* Image-text web data
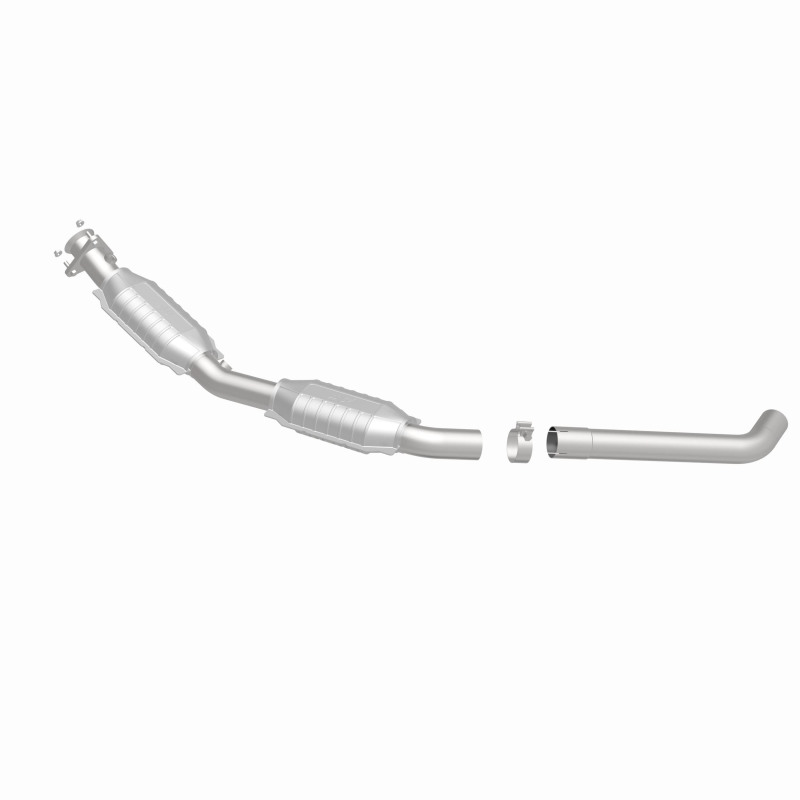 Dodge Ram 1500 Catalytic Converter - Driver Side - Magnaflow - HM Grade Direct-Fit - `04-`06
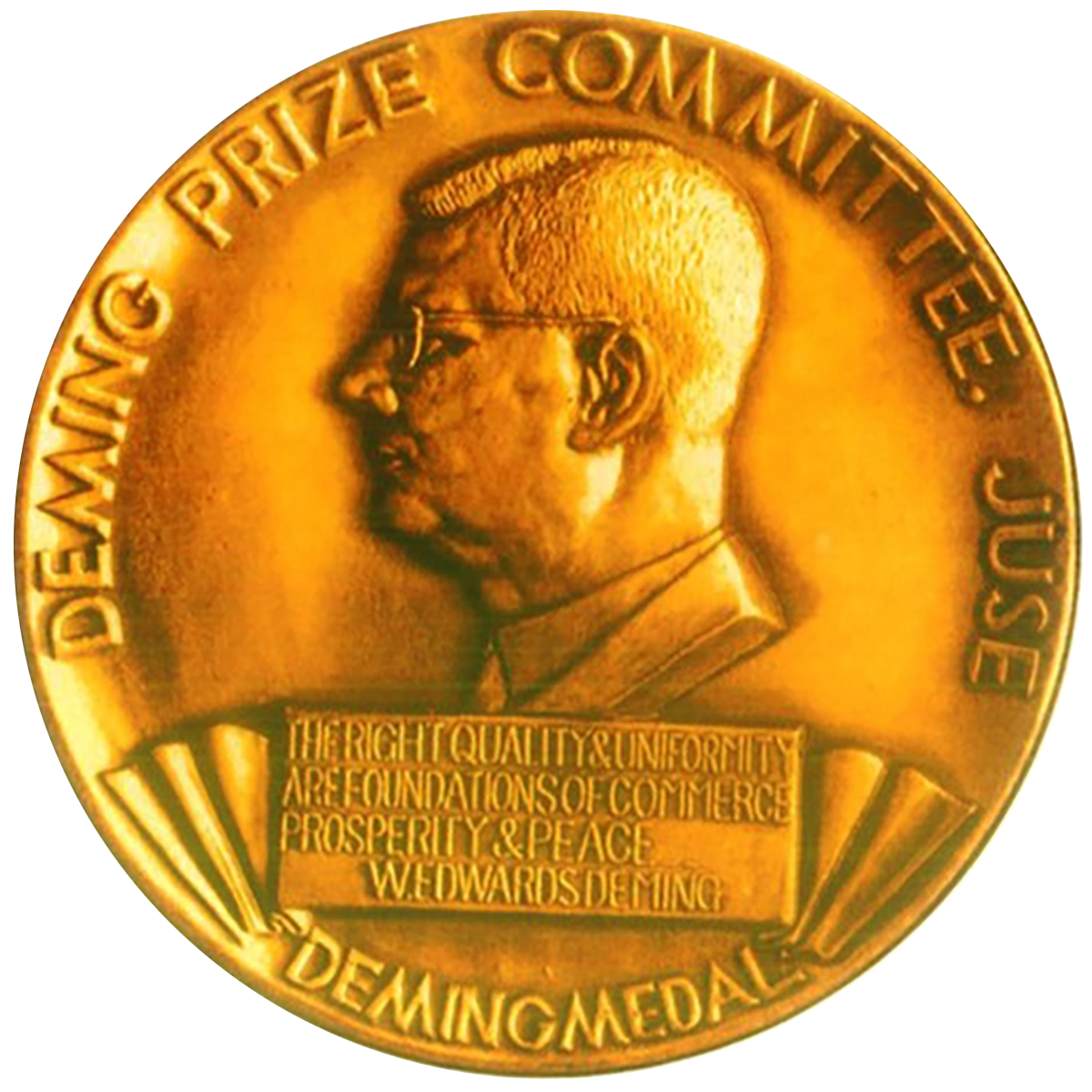 Reconocimiento global a la calidad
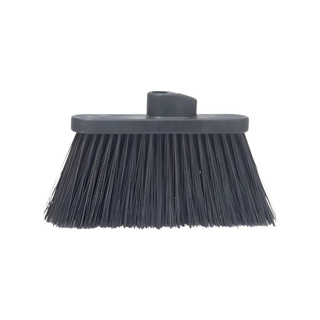 Escoba Angular con Fibra de Poliéster Color Negro Marca Castor - 1 Pieza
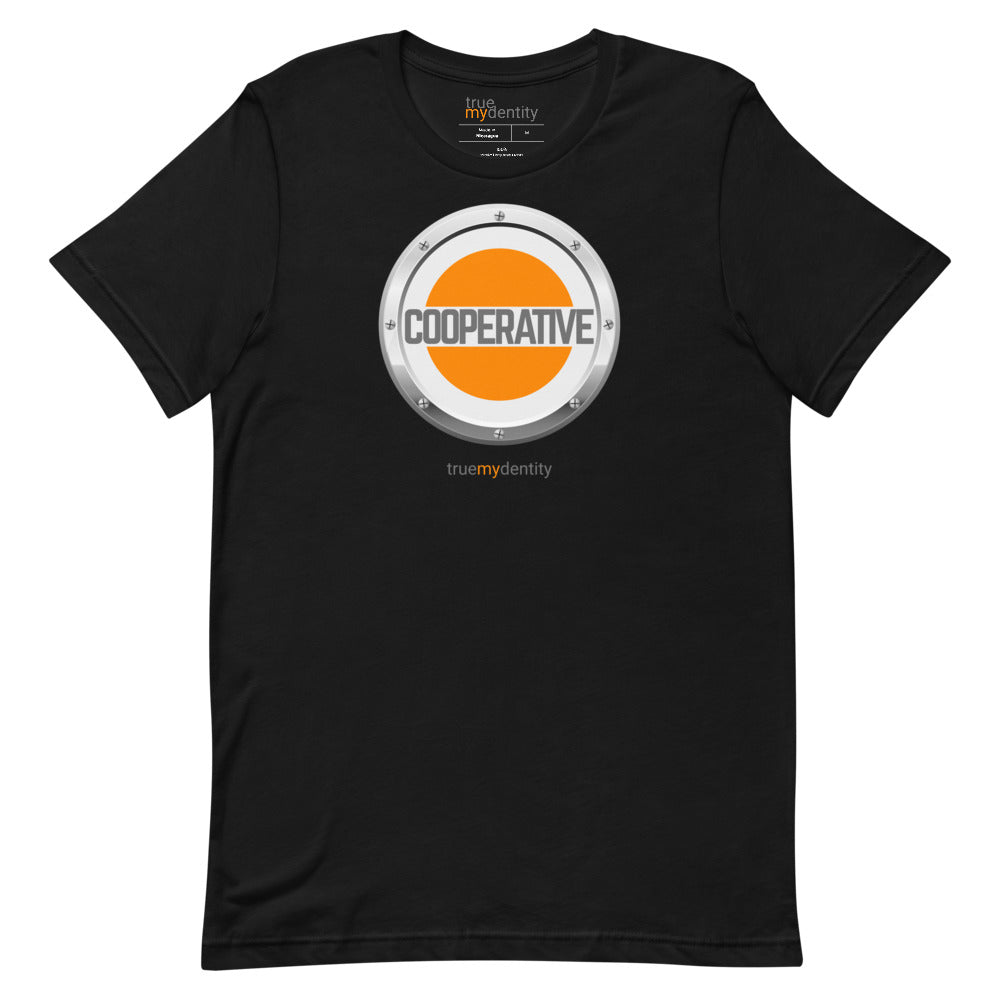 COOPERATIVE T-Shirt Core Design | Unisex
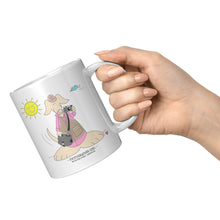 Load image into Gallery viewer, Photographer Girl Mug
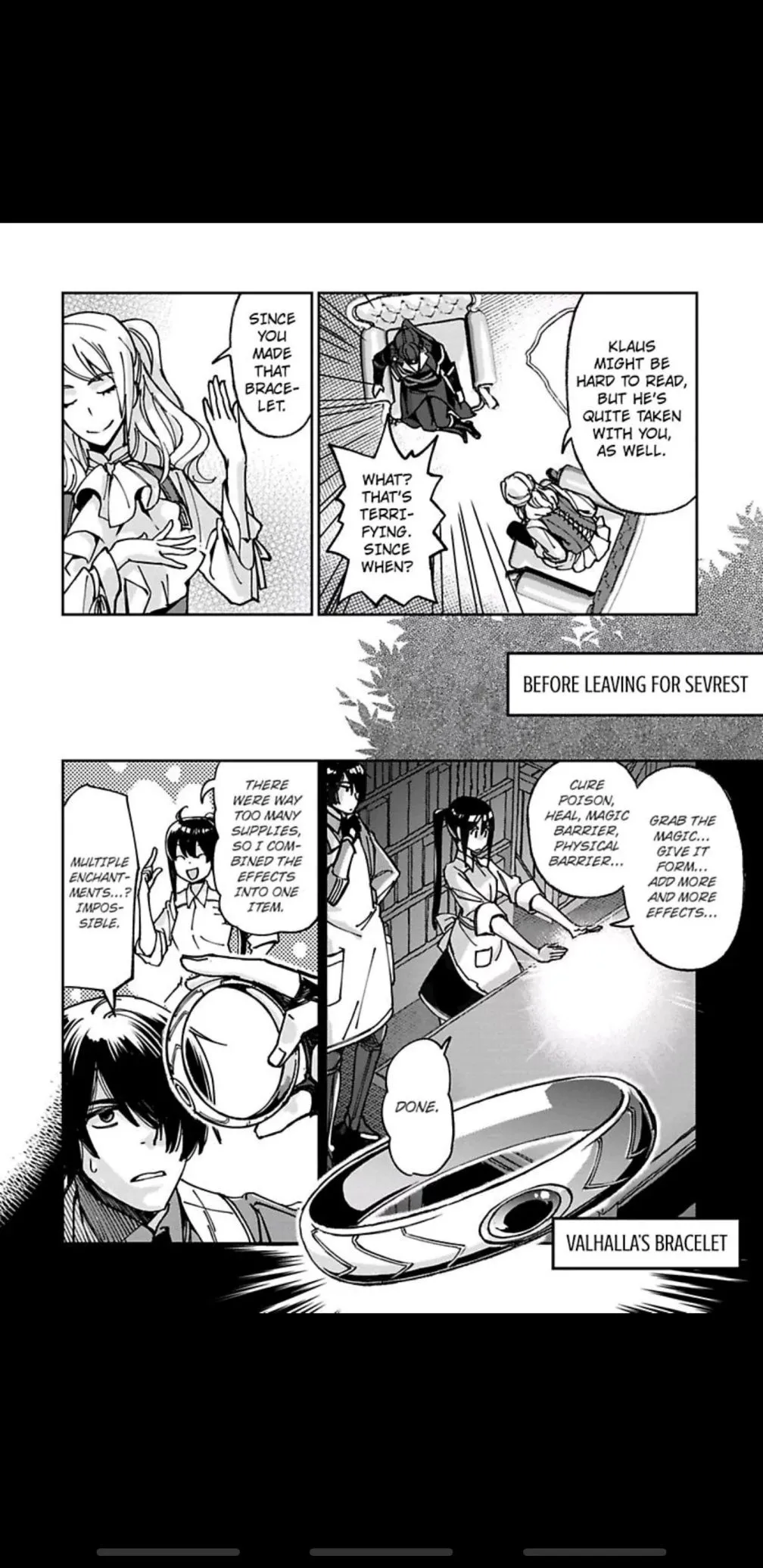 Read This Mage Desires Mediocrity! chapter 9 image 5 on Lezhin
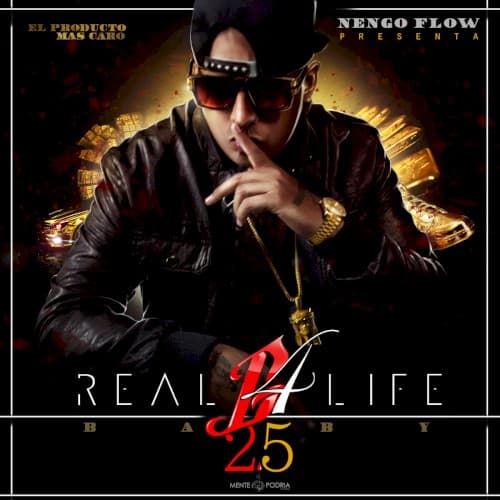 Real G-4 Life Baby 2.5 cover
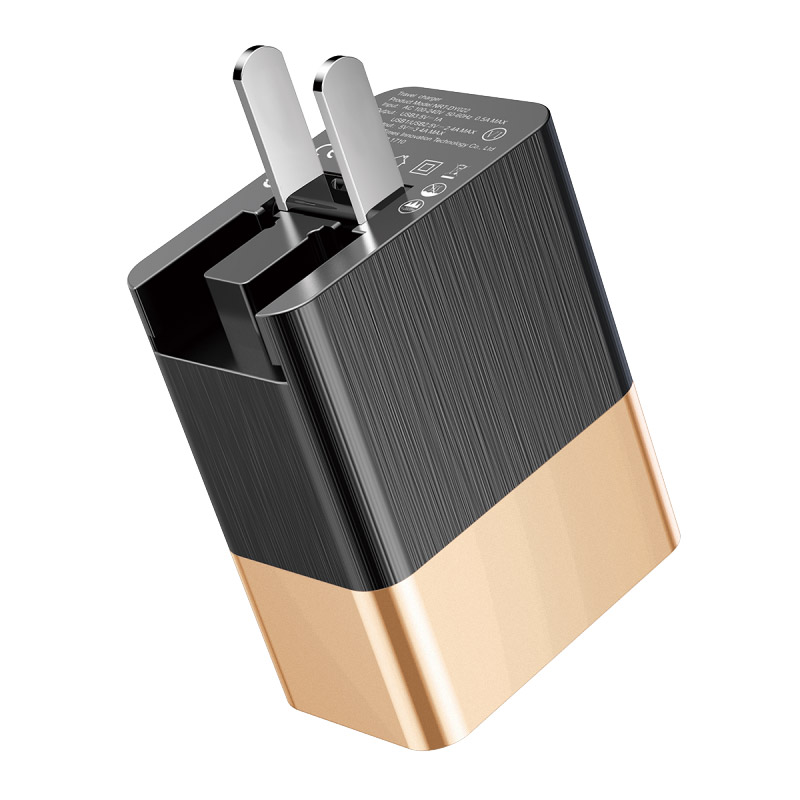 کلگی فست شارژ 3 پورت Baseus CCALL-JEV1 3.4A QC3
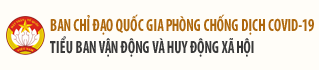 BAN CHỈ ĐẠO QUỐC GIA PHÒNG CHỐNG DỊCH COVID-19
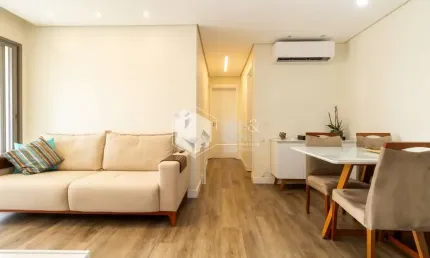 Apartamento tipo para venda em vila leopoldina com 2 quartos, sendo 1 suíte, 95m²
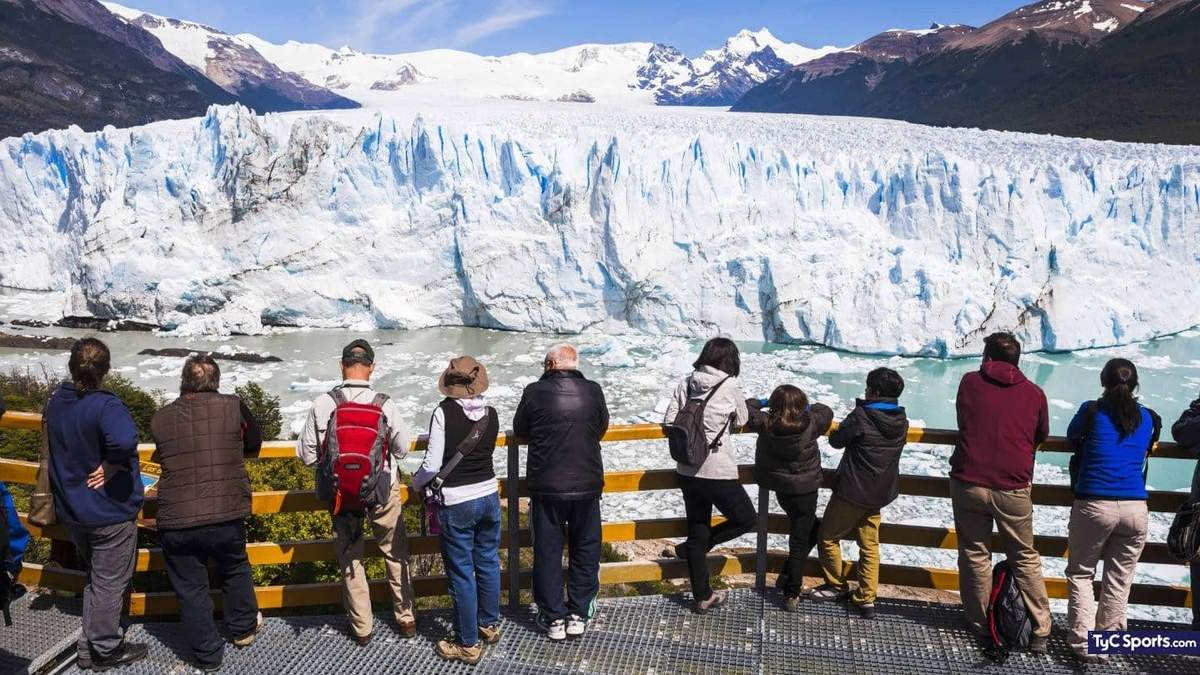 Durante el fin de semana largo el turismo no tuvo los resultados esperados. Fuente: (X)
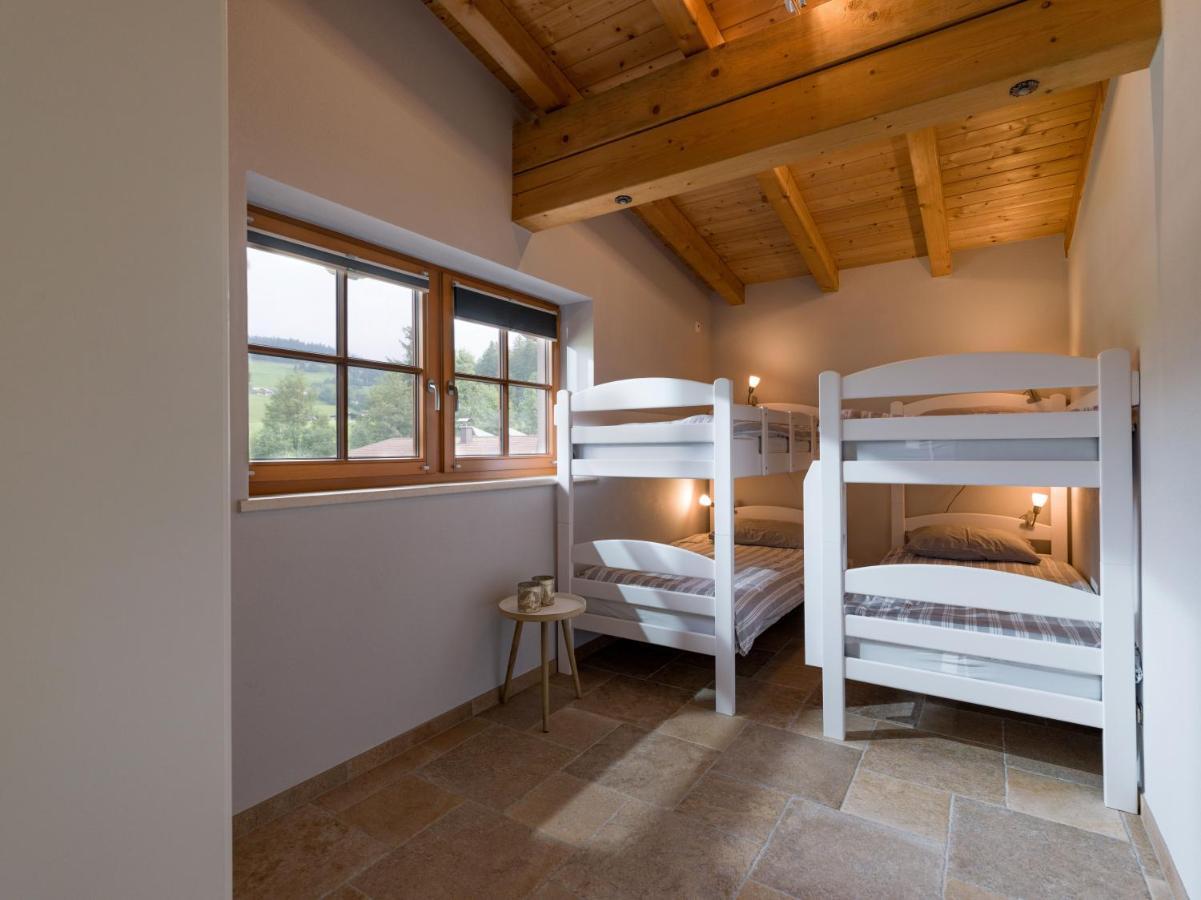 Appartement Zirbe 埃尔毛 外观 照片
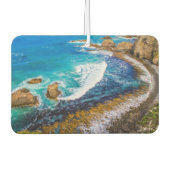 Roaring bay bij schuifpunt luchtverfrisser (Voorkant)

* WORK TO COMPLETE
Reproduce only the lines between the line with "Appartement Zirbe 埃尔毛 外观 照片" and the final line of the records, both included, so that the copy matches them exactly and contains no pictures.

* YOUR SOLUTION
 Appartement Zirbe 埃尔毛 外观 照片
 Roaring bay bij schuifpunt luchtverfrisser (Voorkant)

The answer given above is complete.